Step 5: Set the socket port. The port number tells your Python script where to connect. Use port 7497 for paper trading and port 7496 for live trading. For this tutorial, set it to 7497. Write down which port you chose because you will need it in your Python code.

Step 6: Uncheck Read-Only API. The "Read-Only API" checkbox, when enabled, prevents any external program from placing orders. For a trading bot, you need to uncheck this box. With Read-Only disabled, your Python script can both read market data and submit orders. If you are nervous about this during initial development, you can leave Read-Only enabled while you work on data fetching code, and disable it only when you are ready to test order placement.

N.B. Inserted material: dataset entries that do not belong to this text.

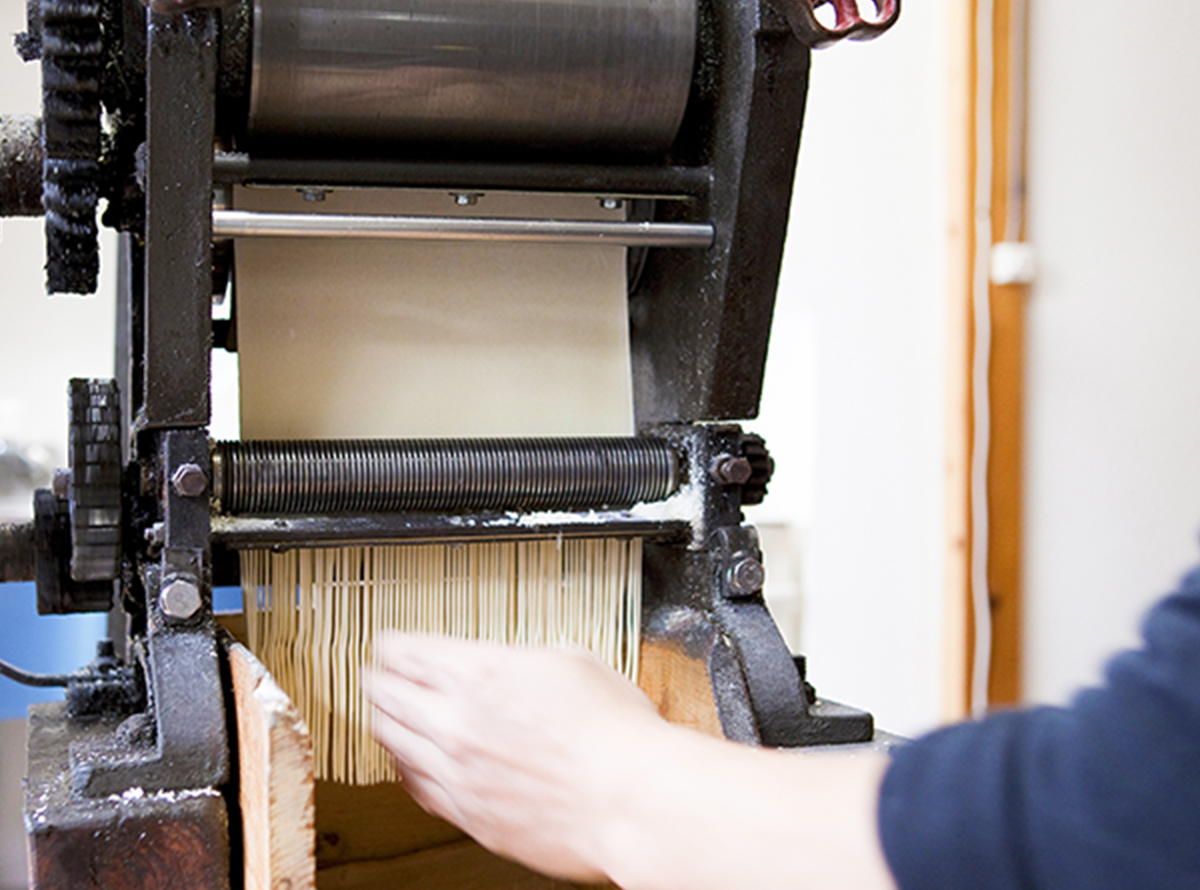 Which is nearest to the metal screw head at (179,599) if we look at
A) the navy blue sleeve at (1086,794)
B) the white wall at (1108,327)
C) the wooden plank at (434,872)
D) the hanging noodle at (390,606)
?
the hanging noodle at (390,606)

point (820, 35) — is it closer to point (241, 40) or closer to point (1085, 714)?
point (241, 40)

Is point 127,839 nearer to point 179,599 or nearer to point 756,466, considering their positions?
point 179,599

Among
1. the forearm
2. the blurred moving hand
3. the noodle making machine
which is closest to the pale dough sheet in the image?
the noodle making machine

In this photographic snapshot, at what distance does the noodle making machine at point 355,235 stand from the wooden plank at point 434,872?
0.25 meters

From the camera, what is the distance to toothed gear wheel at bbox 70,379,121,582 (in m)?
0.74

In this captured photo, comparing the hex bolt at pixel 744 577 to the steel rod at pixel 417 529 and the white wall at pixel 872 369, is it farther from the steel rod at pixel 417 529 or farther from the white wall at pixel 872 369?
the white wall at pixel 872 369

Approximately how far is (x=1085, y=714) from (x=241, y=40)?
670 millimetres

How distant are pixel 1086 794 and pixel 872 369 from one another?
1.83 m

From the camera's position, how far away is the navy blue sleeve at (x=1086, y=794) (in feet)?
0.95

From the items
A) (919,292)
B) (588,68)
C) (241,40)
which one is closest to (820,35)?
(588,68)

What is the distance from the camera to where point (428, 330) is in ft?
3.09

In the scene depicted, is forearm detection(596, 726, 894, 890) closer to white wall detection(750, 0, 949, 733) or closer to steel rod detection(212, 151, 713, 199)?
steel rod detection(212, 151, 713, 199)

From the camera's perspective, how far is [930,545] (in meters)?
2.04

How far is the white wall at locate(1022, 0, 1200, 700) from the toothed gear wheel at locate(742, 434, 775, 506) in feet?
3.59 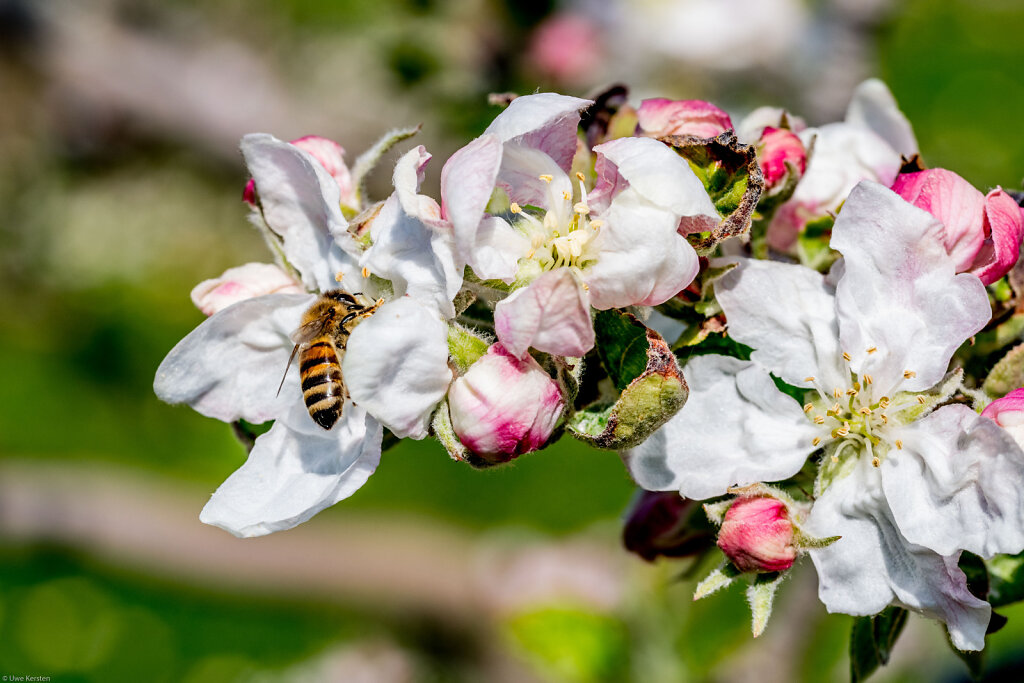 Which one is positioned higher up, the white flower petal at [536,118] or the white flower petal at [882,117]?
the white flower petal at [536,118]

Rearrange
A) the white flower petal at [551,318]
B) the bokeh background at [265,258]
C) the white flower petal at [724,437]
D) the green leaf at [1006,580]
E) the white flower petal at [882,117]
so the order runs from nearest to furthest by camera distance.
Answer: the white flower petal at [551,318] → the white flower petal at [724,437] → the green leaf at [1006,580] → the white flower petal at [882,117] → the bokeh background at [265,258]

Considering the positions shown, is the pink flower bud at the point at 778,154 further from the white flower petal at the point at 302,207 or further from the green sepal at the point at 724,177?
the white flower petal at the point at 302,207

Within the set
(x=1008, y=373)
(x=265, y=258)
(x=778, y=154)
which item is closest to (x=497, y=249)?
(x=778, y=154)

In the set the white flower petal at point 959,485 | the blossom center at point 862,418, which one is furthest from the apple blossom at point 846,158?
the white flower petal at point 959,485

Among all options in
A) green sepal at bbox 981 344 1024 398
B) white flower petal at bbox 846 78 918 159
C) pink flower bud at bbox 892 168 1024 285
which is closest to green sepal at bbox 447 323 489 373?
pink flower bud at bbox 892 168 1024 285

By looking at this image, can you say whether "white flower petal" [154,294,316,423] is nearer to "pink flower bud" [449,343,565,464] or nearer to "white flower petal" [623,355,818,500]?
"pink flower bud" [449,343,565,464]

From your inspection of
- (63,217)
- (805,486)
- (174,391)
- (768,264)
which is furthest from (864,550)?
(63,217) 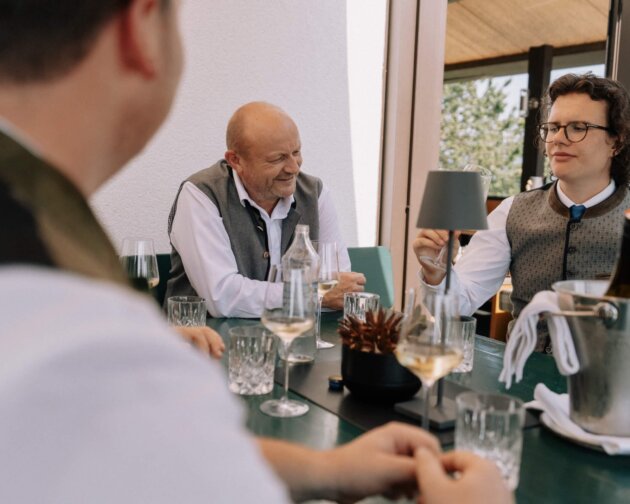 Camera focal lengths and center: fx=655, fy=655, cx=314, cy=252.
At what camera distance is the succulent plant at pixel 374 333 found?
4.07 ft

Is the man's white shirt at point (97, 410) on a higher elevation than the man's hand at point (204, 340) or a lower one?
higher

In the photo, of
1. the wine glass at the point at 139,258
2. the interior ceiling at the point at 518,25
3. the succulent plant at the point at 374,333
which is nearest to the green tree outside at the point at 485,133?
the interior ceiling at the point at 518,25

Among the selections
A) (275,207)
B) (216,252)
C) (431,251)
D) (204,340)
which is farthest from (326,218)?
(204,340)

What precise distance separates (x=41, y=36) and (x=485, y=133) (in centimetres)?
610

Step 7: Add trusted IP addresses (optional but recommended). In the "Trusted IPs" field, add 127.0.0.1. This tells TWS to accept connections from your local machine without showing a confirmation dialog each time. If you skip this step, TWS will pop up a dialog asking you to confirm every time your script connects, which is impractical for automated trading.

Step 8: Click Apply and OK. Save the settings. TWS may prompt you to restart. If it does, restart and log in again. Your API settings will persist across sessions.

If you are using IB Gateway instead of TWS, the API settings are presented during the login process. Select "IB API" as the connection type, set the port to 7497, and confirm. IB Gateway does not have a Read-Only toggle because it is designed exclusively for API access.

Your First Connection — Hello, IBKR

With TWS running and the API enabled, you can now connect from Python. Here is the simplest possible script that connects to IBKR, retrieves your account summary, and disconnects:

from ib_insync import *

# Create an IB instance
ib = IB()

# Connect to TWS/Gateway on localhost, port 7497 (paper), clientId=1
ib.connect('127.0.0.1', 7497, clientId=1)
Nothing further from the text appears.